I can see how spending time in there can feel medatative; it’s easy to lose track of which corner you’re in, but as long as you keep walking in the same direction you’ll eventually end up back where you began.

Next stop: Chauk Htut Gyi, home of the world’s second largest Reclining Buddha. 

The scale of this is truly a sight to behold. It was here that we looked up the day of the week on which we were born; it is customary to go to your day corner and make an offering or pour water to clean the Buddha image there. Josh is Monday (Tiger), I’m Tuesday (Lion).

Here we also saw the first of what promises to be a standard pagoda and monastery feature: cats! This little guy was the cutest of this bunch.

After departing the Reclining Buddha, we drove by the outside of Aung San Suu Kyi’s home, which is not much to look at from the outside (big foreboding solid gray gate and some NLD – her political party – banners).

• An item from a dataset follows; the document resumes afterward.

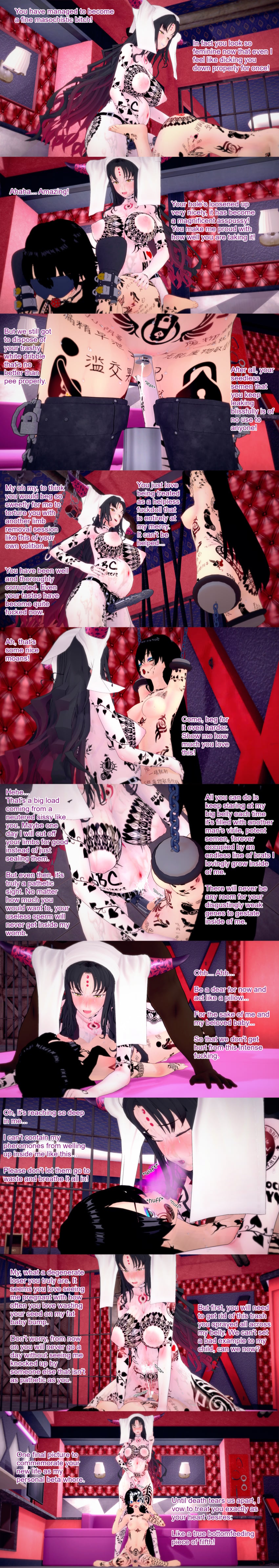 Fujimaru Ritsuka (Male) Rule 34 Image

I’m not sure I’d want a bunch of tourists taking photos of the outside of my house, so although it’s permitted and busloads of toursts were doing it, we passed. 

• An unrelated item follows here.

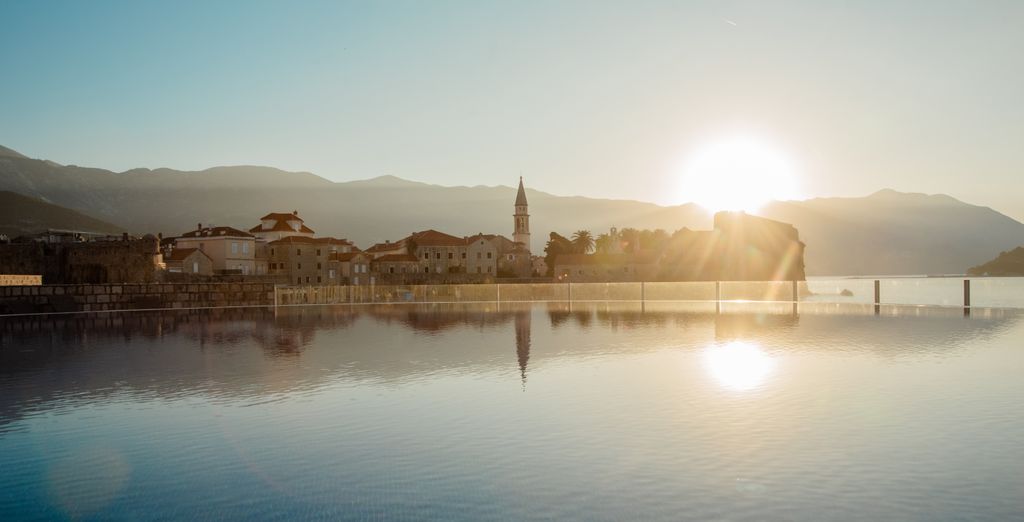 Avala Resort & Villas 4*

The Lady’s (as she is called here) house sits on the shore of Inya Lake, so we took the opportunity to stop and take a stroll on a pedestrian walkway there. It quickly became clear what the pimary purpose of this public space is when we noticed each bench facing the lake occupied by a young couple, using an umbrella for a little canoodling privacy. Ahh…. young love. We celebrated our stroll with some tea and fried goodies at a lake-side cafe afterwards.

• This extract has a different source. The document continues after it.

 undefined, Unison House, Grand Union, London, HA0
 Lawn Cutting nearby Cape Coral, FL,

The final stop of what turned out to be a jam-packed sightseeing day was the pagoda to end all pagodas: Shewdagon. You know you’re in for something special when you are required to take an elevator from the parking lot to one of the 4 main entrances (at each cardinal position). Like the Reclining Buddha, the scale is somewhat challenging to capure in a photo.

In addition to the mind-boggling gold leaf and prorported precious gems embedded in the top, what surprised me the most where all the OTHER stupas, Buddhas, and monuments around the main pagoda. You could easly spend hours exploring each nook and cranny.

If you like sparkle and glitz, this is the place for you. What these people can do with bits of mirror is astounnding. All of these statues and prayer rooms have been donated over the years by people hoping to receive “merit” for good deeds, thus improving their karma and odds of reincarnation as a superior being.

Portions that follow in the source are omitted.